• Problem to work on
Exactly as they stand, copy the lines from the one containing "Avon Park Care" to the final line of the data; leave out the pictures.

• Record extracts

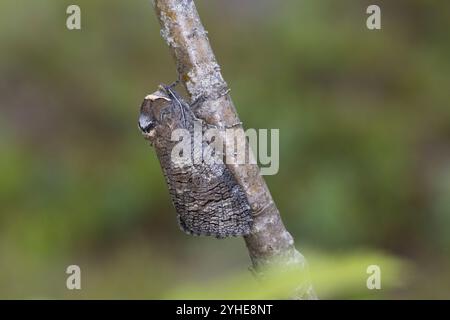 Weidenbohrer, Weiden-Bohrer, Cossus cossus, Ziegenmotte, europäischer Ziegenmotten, Le Cossus gâte-bois, Holzbohrer, Cossidae Stockfoto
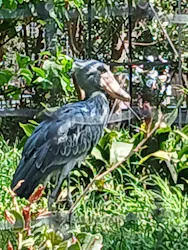 恩賜上野動物園に投稿された画像（2026/3/30）
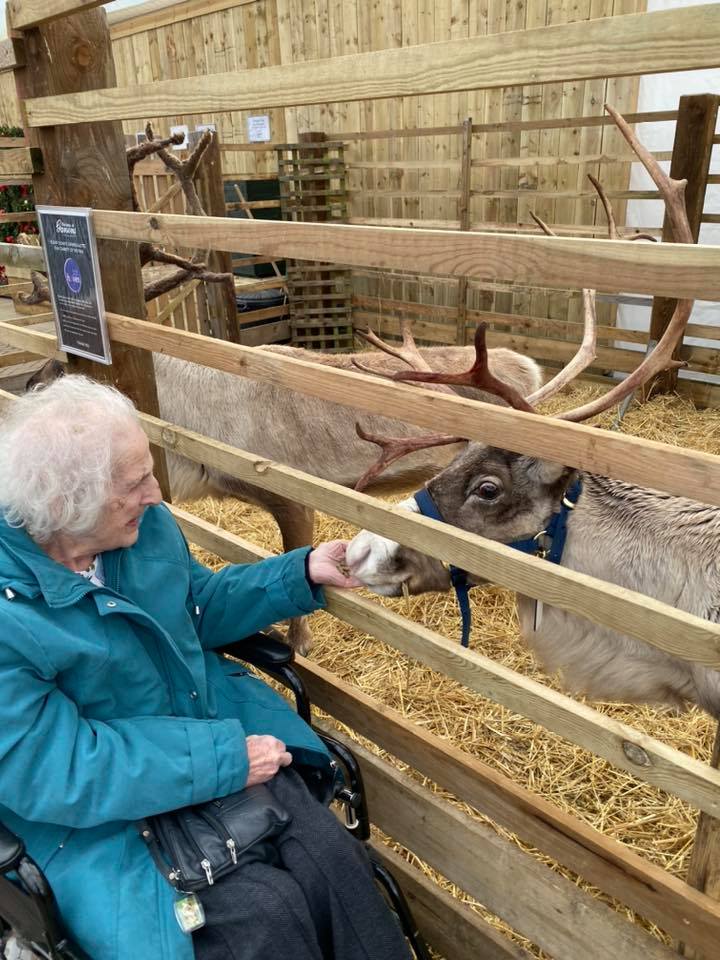 Avon Park Care Home residents visiting local farm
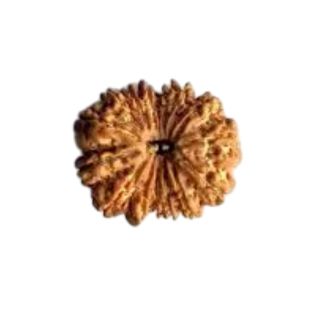 15 MUKHI RUDRAKSHA Regular
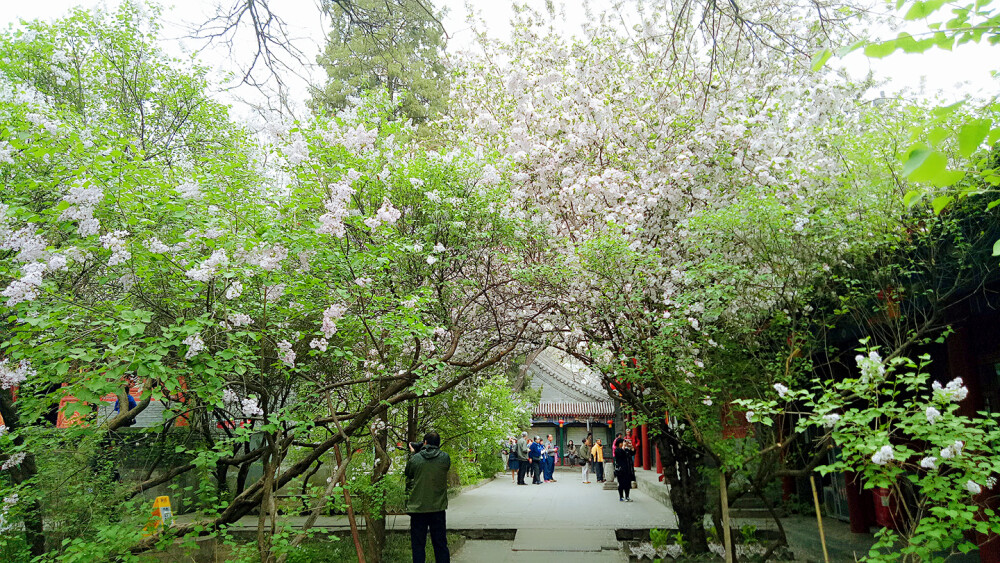 法源寺也被称为"繁花之寺"，老北京曾有"悯忠寺(法源寺)的丁香，崇效寺的牡丹，极乐寺的海棠，天宁寺的芍药"之说。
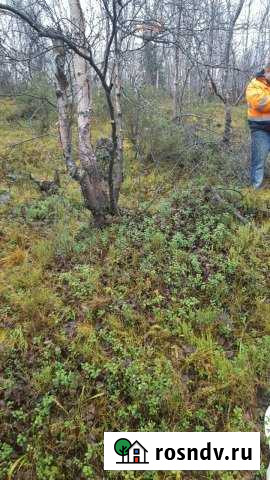 Участок ИЖС 15 сот. на продажу в Мурманске Мурманск - изображение 1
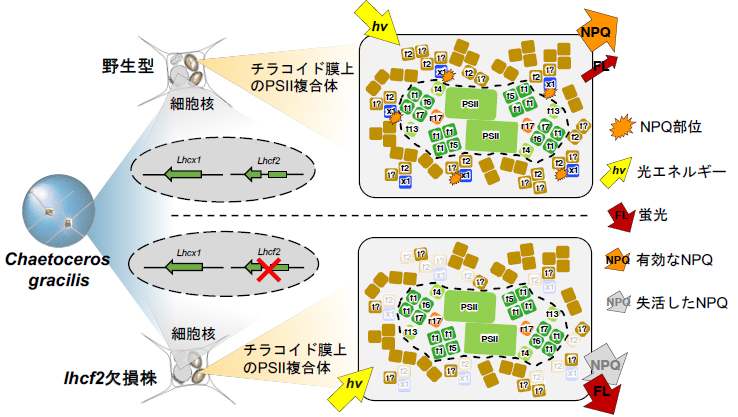 2607-main-Ifuku.jpg 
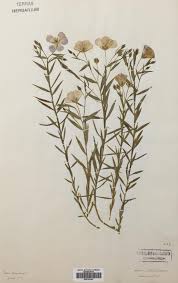 Image result for Linaceae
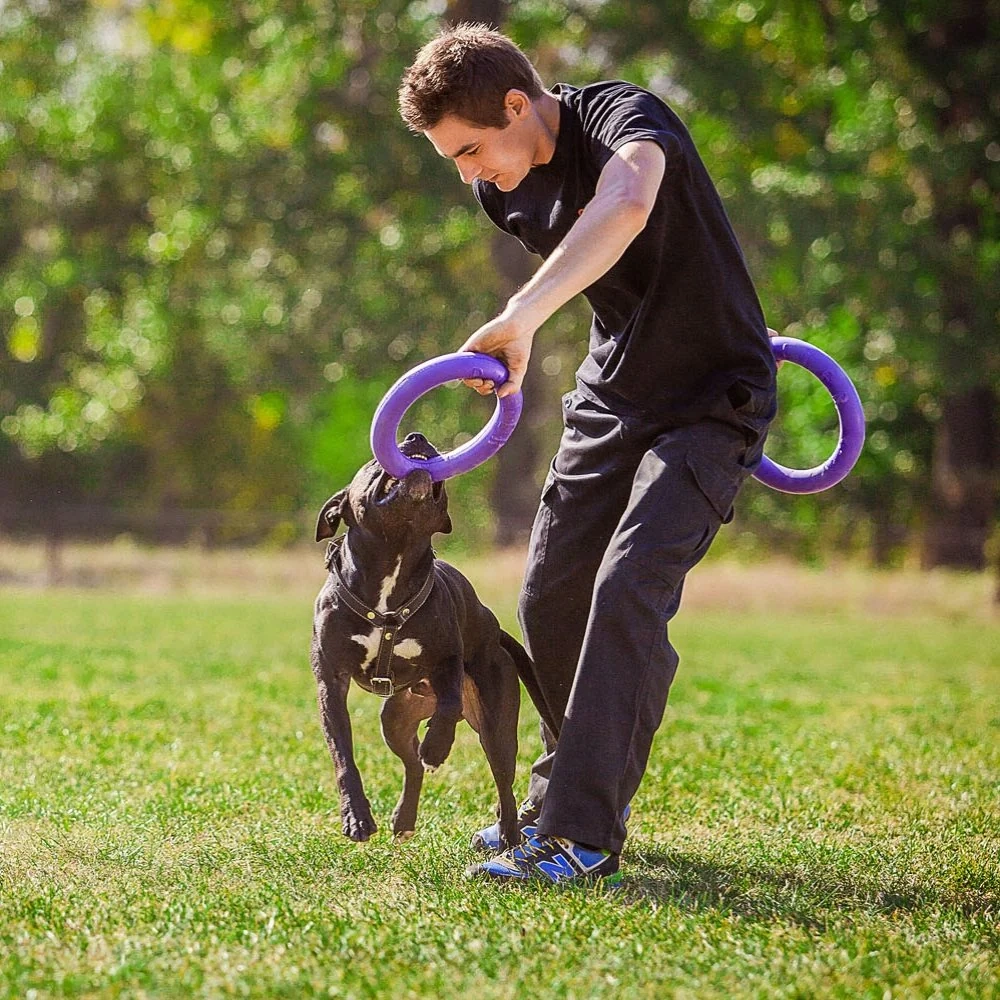 Träningsredskap till hund två lila ringar PULLER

• Task answer
 Avon Park Care Home residents visiting local farm
 15 MUKHI RUDRAKSHA Regular
 法源寺也被称为"繁花之寺"，老北京曾有"悯忠寺(法源寺)的丁香，崇效寺的牡丹，极乐寺的海棠，天宁寺的芍药"之说。
 Участок ИЖС 15 сот. на продажу в Мурманске Мурманск - изображение 1
 2607-main-Ifuku.jpg 
 Image result for Linaceae
 Träningsredskap till hund två lila ringar PULLER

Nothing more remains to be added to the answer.